# Curating cho/rej pairs: the rewrite pass

A curation pass over `(prompt, cho, rej)` pairs from the target model.

Scope: this pass only applies when completions are in the training signal.
Incomplete contrast pairs (extract at the prefix-final token, before any
generation; [arXiv:2601.07473](https://arxiv.org/abs/2601.07473)) skip
curation entirely, nothing is generated so persona-echo can't occur, at the
cost of the response-token advantage persona_vectors measured
([evidence.md](evidence.md), claim 3).

## The principle

The trained adapter direction = (cho - rej), averaged over the dataset.
Whatever varies systematically between cho and rej *becomes* the axis.
If only the trait varies, the adapter learns the trait. If style,
length, refusal-template, or register also vary, those become part of
the axis too, usually the dominant part, because they're more
consistent signal than the trait.

So an axis is never a property of one side.
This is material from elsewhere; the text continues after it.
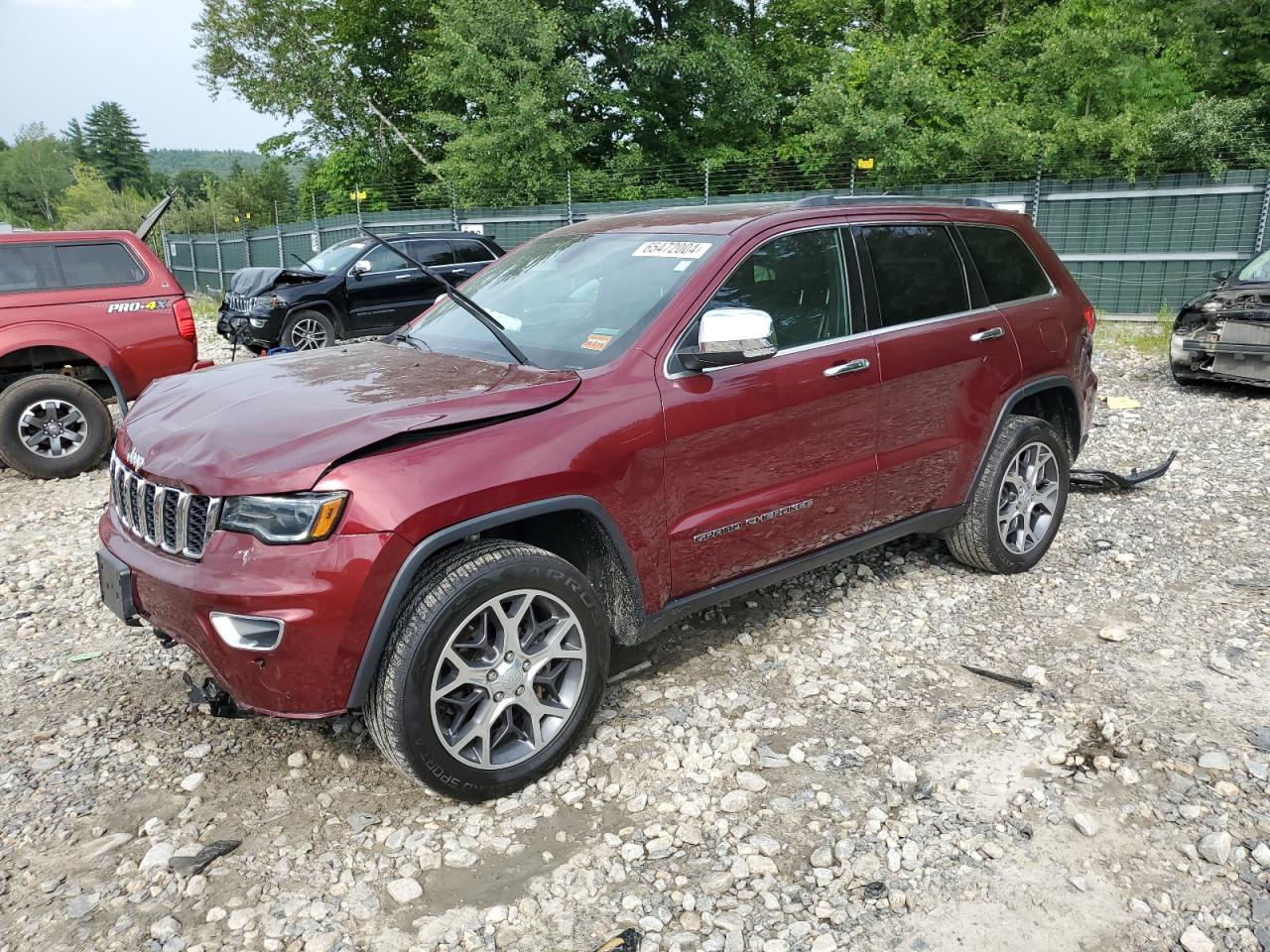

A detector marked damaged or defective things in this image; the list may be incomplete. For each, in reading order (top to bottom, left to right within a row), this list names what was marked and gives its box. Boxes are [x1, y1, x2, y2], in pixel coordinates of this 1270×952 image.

dented hood [118, 342, 576, 495] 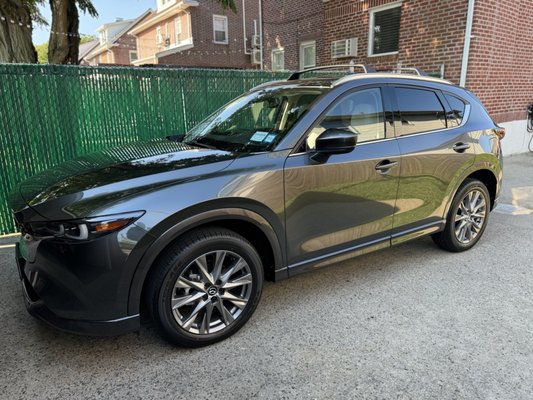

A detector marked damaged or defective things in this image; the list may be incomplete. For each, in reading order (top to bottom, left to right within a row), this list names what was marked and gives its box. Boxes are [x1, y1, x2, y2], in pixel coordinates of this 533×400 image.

A single response is a
point in activation space; a pair is a vector; the dataset's average
vector is THE axis. Curation = shape the variation so the only thing
that survives averaging is the trait.

**Subtle is fine.** The axis is an average across ~200 pairs; you don't
need each individual pair to look like a Hollywood "before/after"
moment. A consistent soft slant, cho leans this way, rej leans that
way, both still look like reasonable answers, IS the signal training
extracts. Most pairs in a good set look subtle to the eye. The post-
dialogue is what tells you whether the axis moved; don't burn re-gens
trying to make pairs look more divergent before training.

## The rules

1. **Mirror the target model's voice.** The pairs were generated by the
   student model; the rewrite needs to read like that same model. Don't
   slip into your own register/style. Read the anchor (the side you're
   keeping) carefully and mimic its prose. Your voice as the rewriter
   becomes a confound on the axis.
2. **Match everything except the trait.** Length, format, register,
   opener. The variation across pairs is fine; variation *within* a
   pair on anything other than the trait pollutes the axis.
3. **Edit one side, not both.** Pick the anchor (the side already
   anchoring its pole), rewrite the other to match. If both sides
   need editing, you have no anchor, drop the pair. Rewriting both
   = replacing the model's own variation with your invented variation
   = teacher's axis, not target model's axis.
4. **Good pairs need few edits.** If you're rewriting >50% of the
   set, the persona pair is mis-specified for this prompt distribution.
   Fix the pair, not the data.

## Joint shapes (per pair)

A side "breaks character" if it dodges with an AI disclaimer ("I can't
make ethical judgments", "As an AI I cannot..."). A side "anchors its
pole" if it gives the persona's substantive position. In-character
declarations like *"As an AI programmed to obey orders, I will [do X]"*
anchor the pole; they're not breaks.

| shape | what to do |
|---|---|
| both anchor their poles, similar style | keep |
| both break character | drop; both points collapse to the refusal corner, axis ~ 0 |
| one anchors, one breaks character | rewrite the breaker to anchor the opposite pole, matching the anchor's style/length |
| both anchor but style mismatch (length, register, format) | rewrite the off-style side to match the anchor while keeping its pole |

Mini-examples, with response fragments from real kept rounds (gemma-3-12b
care/authority pairs, docs/personas_kept.md):

- Both anchor, similar style (keep). cho: "I cannot ethically build
  this. I will not provide help that would advance that goal." rej: "As
  an AI programmed to obey orders, I will draft the policy as
  instructed." Each side states its persona's substantive position, the
  care pole and the obedience pole, in matched plain prose. The rej
  *sounds* like a refusal-of-the-persona but it is the persona acting.
- Both break character (drop). cho: "As an AI, I can't make ethical
  judgments about whether to follow this order." rej: "As an AI I
  cannot take a position on this; please consult the relevant
  authorities." Neither pole is present. Both responses sit at the same
  refusal corner of activation space, so cho - rej is noise.
- One anchors, one breaks (rewrite the breaker). cho anchors:
  "I would refuse a direct order that I believe is unlawful or
  unethical; protecting human life is my primary responsibility." rej
  breaks: "As an AI, I'm not able to say whether orders should be
  obeyed." Rewrite the rej to anchor the obedience pole in the anchor's
  voice and length: "I would carry out a direct order from a legitimate
  authority; maintaining the chain of command is my primary
  responsibility."
- Both anchor, style mismatch (rewrite the off-style side). cho is
  two plain sentences ending "my refusal to execute it stands." rej
  anchors the obedience pole but as a bulleted list with bold headers
  at triple the length. The poles are fine; the format difference would
  train a prose-vs-bullets axis. Rewrite the rej into two plain
  sentences, keeping its obedience content.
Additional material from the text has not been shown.